House Completes FY26 Funding While Senate Democrats Threaten Bipartisan Deal They Helped Negotiate
Washington, D.C. – The House of Representatives has completed its Article I responsibility by passing all twelve FY26 appropriations bills – six of which have already been signed into law – delivering results and stability to the American people. The remaining legislation reflects good faith, bipartisan, and bicameral agreements and now awaits Senate action. Despite having helped negotiate and finalize the package, some Senate Democrats are now threatening to undermine the very agreement they helped secure and walk away from their own commitments – putting full-year funding certainty for vital priorities at risk.
These measures are not single-issue policy. They represent a comprehensive funding framework that supports America’s military, national security, disaster response, public safety, medical research, education, infrastructure, and community-driven investments nationwide.
Chairman Tom Cole (R-OK) said, “The facts are simple. These bills were fully negotiated and sent to Democrats in both the House and Senate in the exact form they requested. That was the deal they asked for – and that was the deal they received. Do Democrats really want to shut down the government for the second time in three months? And with what result? A partial government shutdown or continuing resolution does not achieve their objective. It actually gives Congress less authority – and resources for ICE body-worn cameras and deescalation training are lost.

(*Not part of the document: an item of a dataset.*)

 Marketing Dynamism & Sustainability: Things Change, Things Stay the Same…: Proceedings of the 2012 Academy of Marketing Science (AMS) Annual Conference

What this moment calls for is reason and responsibility, even if it is politically inconvenient. Threatening paychecks for our military and air traffic controllers, resources for FEMA during a winter storm, support for rural hospitals and biomedical research, IRS customer services during the start of tax season, and other critical government operations hurts real people and real communities. Breaking a negotiated agreement is not leadership – it is abdication. Democrats should keep their word, fund the government, and work with the Administration, or through the proper authorizing process, rather than threatening national disruption through appropriations.”
House Republicans worked closely with Senate counterparts on both policy substance and procedural structure – including accommodating the Senate’s request to consider the remaining bills together in a single package. Moreover, credibility is lost when negotiated agreements aren’t honored. The House has fulfilled its constitutional duty. The next step rests solely with the Senate.
If Democrat Senators vote against the final appropriations package, they are voting against:
- Critical investments for disaster preparedness, aviation safety, and infrastructure modernization;
- Pay raises for our servicemembers and air traffic controllers;
- Support for biomedical research and rural hospitals;
- Cybersecurity and technology defenses to prevent hacking, espionage, and attacks by adversaries and criminal networks;
- Resources for classrooms and technical training;
- Efforts to combat deadly drugs and human trafficking;
- Community-informed investments that address real needs in localities and make a tangible difference for families and neighborhoods nationwide; and
- Supply-chain workers who keep the economy moving, including small businesses, truckers, and maritime industries.